After all, what kind of man did they have stranded with them tonight? He might be a pedophile, for all she knew. He’d stalked her all over Ridgeville just yesterday. And he’d said—she’d blocked the memory in the urgency of the moment—he’d said he’d come to find out why she was lying about her name and about not knowing him. The very idea meant he was delusional, at least. He’d clearly mistaken her for someone else. At the worst, he might actually be mentally unstable.
But she couldn’t have left him out in the snow, injured and bleeding, even if she’d had a choice. Which she hadn’t, because he’d fallen in the door without waiting for permission. Was he dangerous? Would she and the girls all be murdered in their beds?
“What are you worrying about?”
She snapped her head around to look at him. “I—I’m not worrying. Just eating.”

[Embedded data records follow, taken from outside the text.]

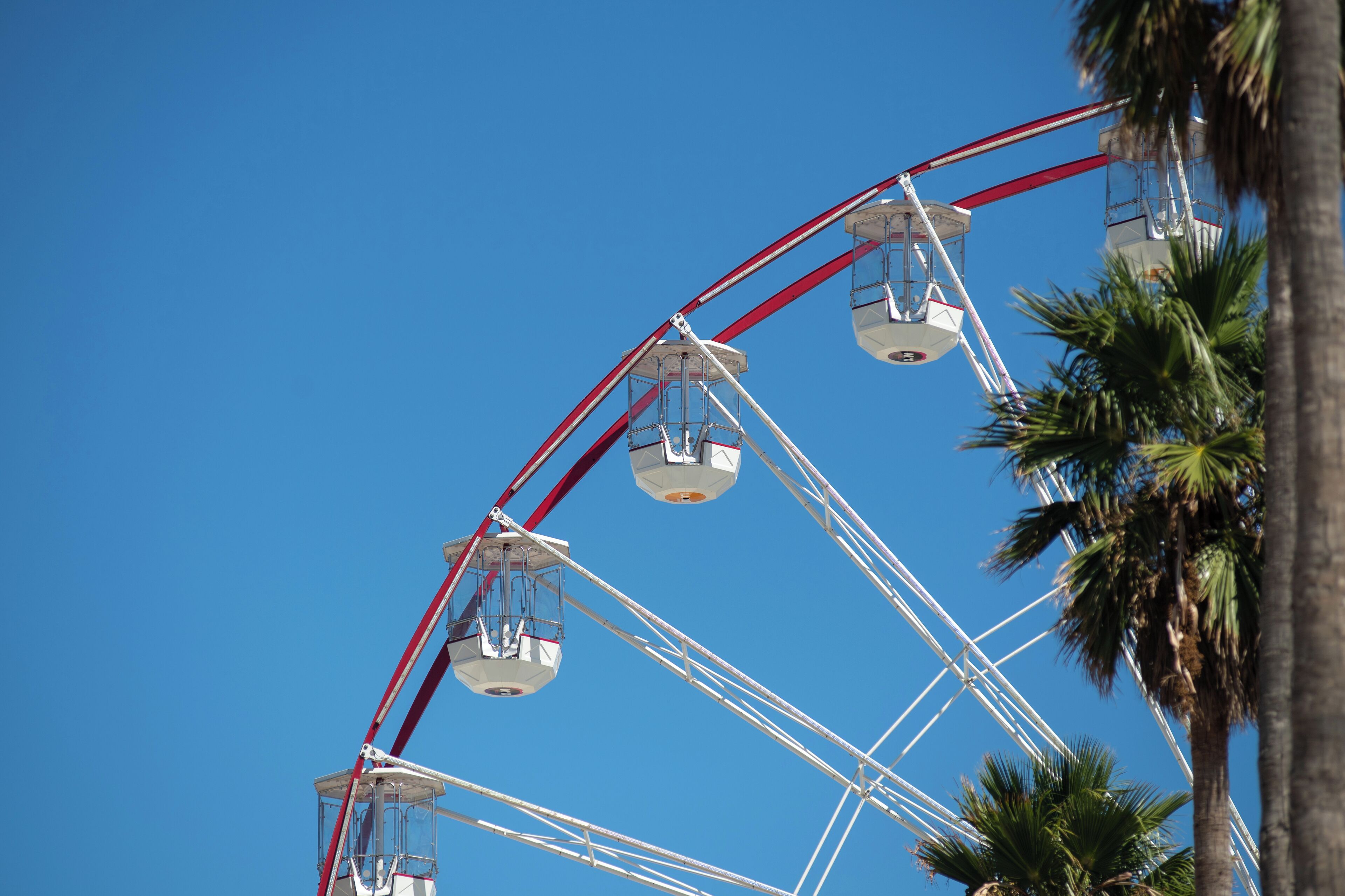 Une grande roue avec des cabines, se dressant devant un ciel bleu dégagé.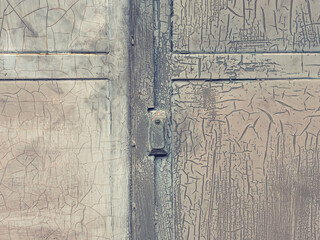 Closed industrial door locked with safetuy lock. Weathered pant on door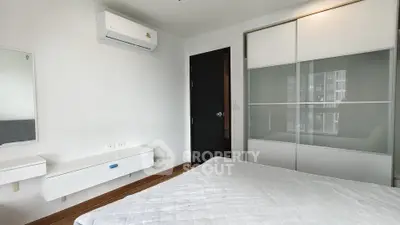Modern bedroom with sleek design, featuring built-in wardrobe and air conditioning, perfect for urban living.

Chris Hammond gave a lopsided smile. “Except you haven’t picked up your spoon or taken a sandwich. You’re staring off into space with that little crease between your eyebrows you always get when you’re worried. And you’re wringing your hands in your lap.”
Jayne immediately relaxed her fingers. “I was just thinking about the storm.” The flush from that lie crept up her neck under her turtleneck shirt. “Do you know how much snow they’re predicting?”

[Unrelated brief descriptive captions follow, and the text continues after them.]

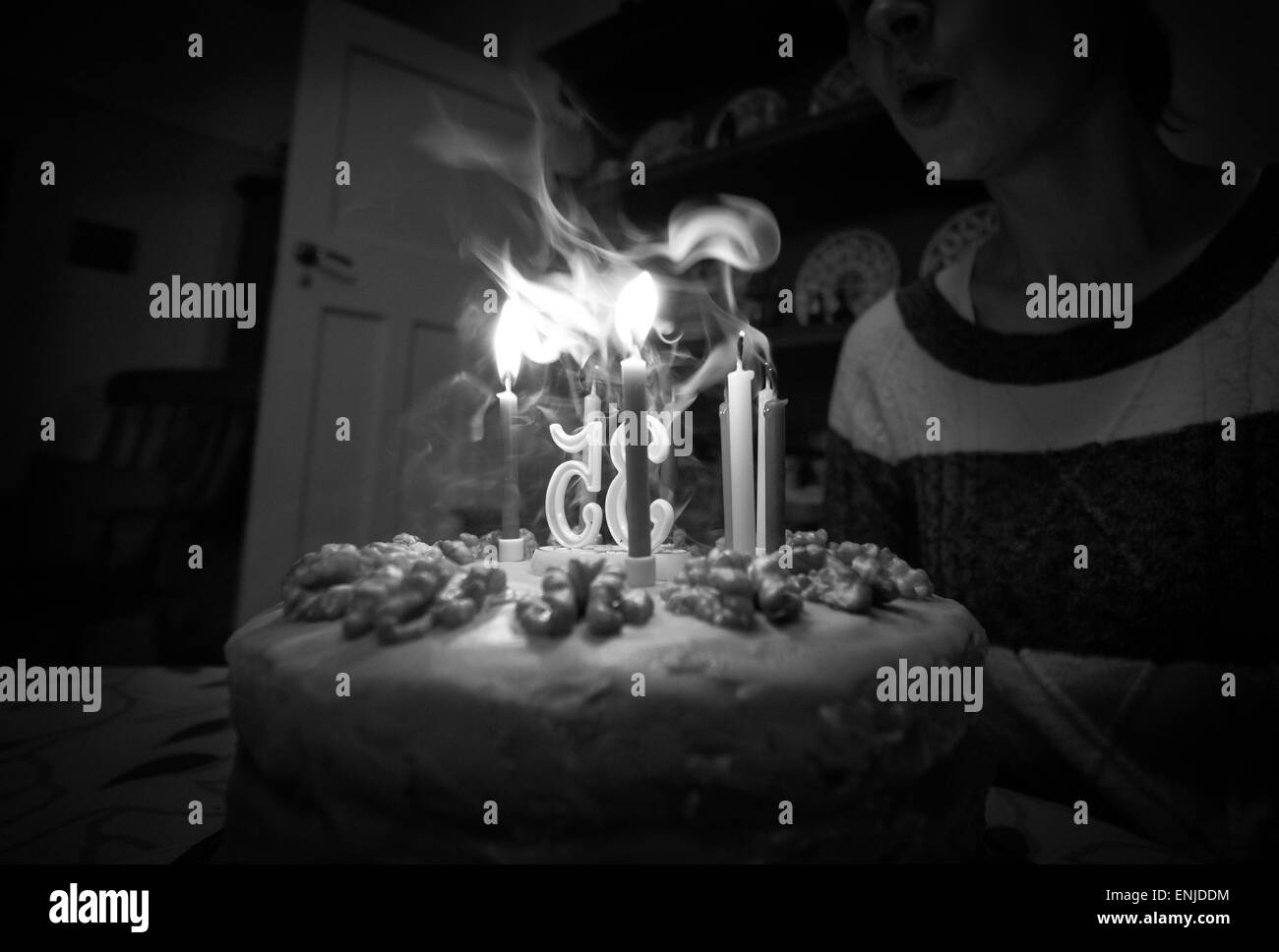 Eine Frau Ausblasen der Kerzen auf ihrem Geburtstagskuchen. Instagram Typ Styling angewendet einige leichte Korn hinzugefügt. Stockfoto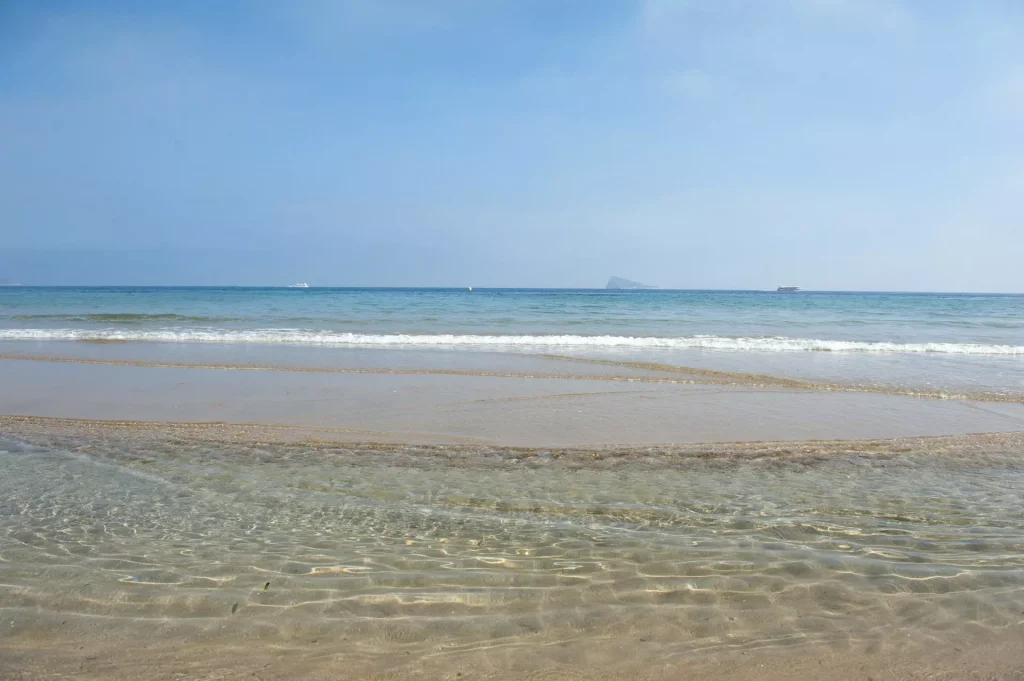 Foto de la orilla de la playa con la isla al fondo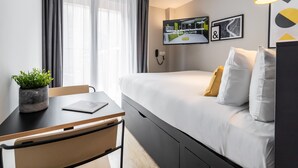 A modern hotel room with a bed, a desk, a chair, a potted plant, a TV on the wall, and a window with curtains.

He took a crunching bite of his sandwich and swallowed. “My granddad was predicting a blizzard as I left this afternoon. Maybe I should have believed him.”
“Is he a weather forecaster?”
“Just an old mountaineer.” Chris Hammond turned his head to lock his gaze with hers. “As you should remember.”
Her denial was overwhelmed by Yolanda’s shout from the other end of the table. “Hey, Ms. Thomas, can we go sledding after dinner?”